Each record below should be written out again exactly.

Segment Start: Supplied records

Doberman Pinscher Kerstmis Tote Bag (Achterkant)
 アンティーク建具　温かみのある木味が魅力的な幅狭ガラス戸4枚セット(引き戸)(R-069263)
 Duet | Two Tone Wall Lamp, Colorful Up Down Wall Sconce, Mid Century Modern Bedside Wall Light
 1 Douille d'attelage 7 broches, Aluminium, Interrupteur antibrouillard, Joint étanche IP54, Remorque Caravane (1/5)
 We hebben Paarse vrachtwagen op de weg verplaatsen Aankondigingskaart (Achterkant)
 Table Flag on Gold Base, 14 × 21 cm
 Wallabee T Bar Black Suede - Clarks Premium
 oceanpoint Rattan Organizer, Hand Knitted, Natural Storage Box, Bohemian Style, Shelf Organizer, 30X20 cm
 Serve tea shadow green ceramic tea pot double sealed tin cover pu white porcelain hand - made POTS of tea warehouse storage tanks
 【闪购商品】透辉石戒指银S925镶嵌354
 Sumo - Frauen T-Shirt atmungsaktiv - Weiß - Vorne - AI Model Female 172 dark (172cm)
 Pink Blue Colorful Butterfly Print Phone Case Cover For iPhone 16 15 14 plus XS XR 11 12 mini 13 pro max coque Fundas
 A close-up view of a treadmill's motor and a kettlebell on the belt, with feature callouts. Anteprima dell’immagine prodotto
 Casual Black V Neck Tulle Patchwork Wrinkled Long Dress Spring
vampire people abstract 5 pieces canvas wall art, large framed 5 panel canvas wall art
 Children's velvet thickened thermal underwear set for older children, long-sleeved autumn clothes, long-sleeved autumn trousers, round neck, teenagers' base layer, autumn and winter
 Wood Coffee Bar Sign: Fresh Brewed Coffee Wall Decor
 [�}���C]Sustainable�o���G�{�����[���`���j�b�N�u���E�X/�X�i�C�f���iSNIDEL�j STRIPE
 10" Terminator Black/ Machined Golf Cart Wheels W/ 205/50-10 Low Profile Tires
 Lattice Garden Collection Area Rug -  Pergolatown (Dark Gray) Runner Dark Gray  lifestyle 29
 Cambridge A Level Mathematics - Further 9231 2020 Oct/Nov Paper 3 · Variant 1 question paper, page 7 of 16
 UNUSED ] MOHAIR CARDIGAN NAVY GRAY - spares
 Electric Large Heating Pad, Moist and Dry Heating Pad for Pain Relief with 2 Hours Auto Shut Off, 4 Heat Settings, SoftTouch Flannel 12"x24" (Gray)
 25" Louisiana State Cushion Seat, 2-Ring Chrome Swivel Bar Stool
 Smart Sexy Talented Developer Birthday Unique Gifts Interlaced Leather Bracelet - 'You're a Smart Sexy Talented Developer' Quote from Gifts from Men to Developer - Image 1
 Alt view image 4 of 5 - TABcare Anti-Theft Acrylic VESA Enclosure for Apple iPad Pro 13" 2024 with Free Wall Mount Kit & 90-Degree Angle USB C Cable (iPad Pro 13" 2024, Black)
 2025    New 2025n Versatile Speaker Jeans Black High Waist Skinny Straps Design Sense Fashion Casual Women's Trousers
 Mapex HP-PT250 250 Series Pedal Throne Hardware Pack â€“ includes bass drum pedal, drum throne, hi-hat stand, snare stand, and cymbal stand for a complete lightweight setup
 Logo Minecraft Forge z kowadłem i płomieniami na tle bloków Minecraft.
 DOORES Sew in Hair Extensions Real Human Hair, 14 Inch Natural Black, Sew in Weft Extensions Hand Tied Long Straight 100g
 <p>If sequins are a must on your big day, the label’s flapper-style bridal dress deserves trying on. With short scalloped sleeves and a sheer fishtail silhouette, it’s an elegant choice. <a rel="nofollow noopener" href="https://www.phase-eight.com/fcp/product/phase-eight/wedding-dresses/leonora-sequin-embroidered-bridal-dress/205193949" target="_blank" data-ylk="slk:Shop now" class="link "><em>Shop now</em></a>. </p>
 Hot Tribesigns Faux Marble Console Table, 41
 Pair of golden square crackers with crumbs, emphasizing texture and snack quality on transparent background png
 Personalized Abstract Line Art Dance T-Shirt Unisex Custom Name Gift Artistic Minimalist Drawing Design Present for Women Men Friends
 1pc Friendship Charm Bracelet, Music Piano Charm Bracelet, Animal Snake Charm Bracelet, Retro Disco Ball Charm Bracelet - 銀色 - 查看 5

Segment End: Supplied records

- _Solution_:
Doberman Pinscher Kerstmis Tote Bag (Achterkant)
 アンティーク建具　温かみのある木味が魅力的な幅狭ガラス戸4枚セット(引き戸)(R-069263)
 Duet | Two Tone Wall Lamp, Colorful Up Down Wall Sconce, Mid Century Modern Bedside Wall Light
 1 Douille d'attelage 7 broches, Aluminium, Interrupteur antibrouillard, Joint étanche IP54, Remorque Caravane (1/5)
 We hebben Paarse vrachtwagen op de weg verplaatsen Aankondigingskaart (Achterkant)
 Table Flag on Gold Base, 14 × 21 cm
 Wallabee T Bar Black Suede - Clarks Premium
 oceanpoint Rattan Organizer, Hand Knitted, Natural Storage Box, Bohemian Style, Shelf Organizer, 30X20 cm
 Serve tea shadow green ceramic tea pot double sealed tin cover pu white porcelain hand - made POTS of tea warehouse storage tanks
 【闪购商品】透辉石戒指银S925镶嵌354
 Sumo - Frauen T-Shirt atmungsaktiv - Weiß - Vorne - AI Model Female 172 dark (172cm)
 Pink Blue Colorful Butterfly Print Phone Case Cover For iPhone 16 15 14 plus XS XR 11 12 mini 13 pro max coque Fundas
 A close-up view of a treadmill's motor and a kettlebell on the belt, with feature callouts. Anteprima dell’immagine prodotto
 Casual Black V Neck Tulle Patchwork Wrinkled Long Dress Spring
vampire people abstract 5 pieces canvas wall art, large framed 5 panel canvas wall art
 Children's velvet thickened thermal underwear set for older children, long-sleeved autumn clothes, long-sleeved autumn trousers, round neck, teenagers' base layer, autumn and winter
 Wood Coffee Bar Sign: Fresh Brewed Coffee Wall Decor
 [�}���C]Sustainable�o���G�{�����[���`���j�b�N�u���E�X/�X�i�C�f���iSNIDEL�j STRIPE
 10" Terminator Black/ Machined Golf Cart Wheels W/ 205/50-10 Low Profile Tires
 Lattice Garden Collection Area Rug -  Pergolatown (Dark Gray) Runner Dark Gray  lifestyle 29
 Cambridge A Level Mathematics - Further 9231 2020 Oct/Nov Paper 3 · Variant 1 question paper, page 7 of 16
 UNUSED ] MOHAIR CARDIGAN NAVY GRAY - spares
 Electric Large Heating Pad, Moist and Dry Heating Pad for Pain Relief with 2 Hours Auto Shut Off, 4 Heat Settings, SoftTouch Flannel 12"x24" (Gray)
 25" Louisiana State Cushion Seat, 2-Ring Chrome Swivel Bar Stool
 Smart Sexy Talented Developer Birthday Unique Gifts Interlaced Leather Bracelet - 'You're a Smart Sexy Talented Developer' Quote from Gifts from Men to Developer - Image 1
 Alt view image 4 of 5 - TABcare Anti-Theft Acrylic VESA Enclosure for Apple iPad Pro 13" 2024 with Free Wall Mount Kit & 90-Degree Angle USB C Cable (iPad Pro 13" 2024, Black)
 2025    New 2025n Versatile Speaker Jeans Black High Waist Skinny Straps Design Sense Fashion Casual Women's Trousers
 Mapex HP-PT250 250 Series Pedal Throne Hardware Pack â€“ includes bass drum pedal, drum throne, hi-hat stand, snare stand, and cymbal stand for a complete lightweight setup
 Logo Minecraft Forge z kowadłem i płomieniami na tle bloków Minecraft.
 DOORES Sew in Hair Extensions Real Human Hair, 14 Inch Natural Black, Sew in Weft Extensions Hand Tied Long Straight 100g
 <p>If sequins are a must on your big day, the label’s flapper-style bridal dress deserves trying on. With short scalloped sleeves and a sheer fishtail silhouette, it’s an elegant choice. <a rel="nofollow noopener" href="https://www.phase-eight.com/fcp/product/phase-eight/wedding-dresses/leonora-sequin-embroidered-bridal-dress/205193949" target="_blank" data-ylk="slk:Shop now" class="link "><em>Shop now</em></a>. </p>
 Hot Tribesigns Faux Marble Console Table, 41
 Pair of golden square crackers with crumbs, emphasizing texture and snack quality on transparent background png
 Personalized Abstract Line Art Dance T-Shirt Unisex Custom Name Gift Artistic Minimalist Drawing Design Present for Women Men Friends
 1pc Friendship Charm Bracelet, Music Piano Charm Bracelet, Animal Snake Charm Bracelet, Retro Disco Ball Charm Bracelet - 銀色 - 查看 5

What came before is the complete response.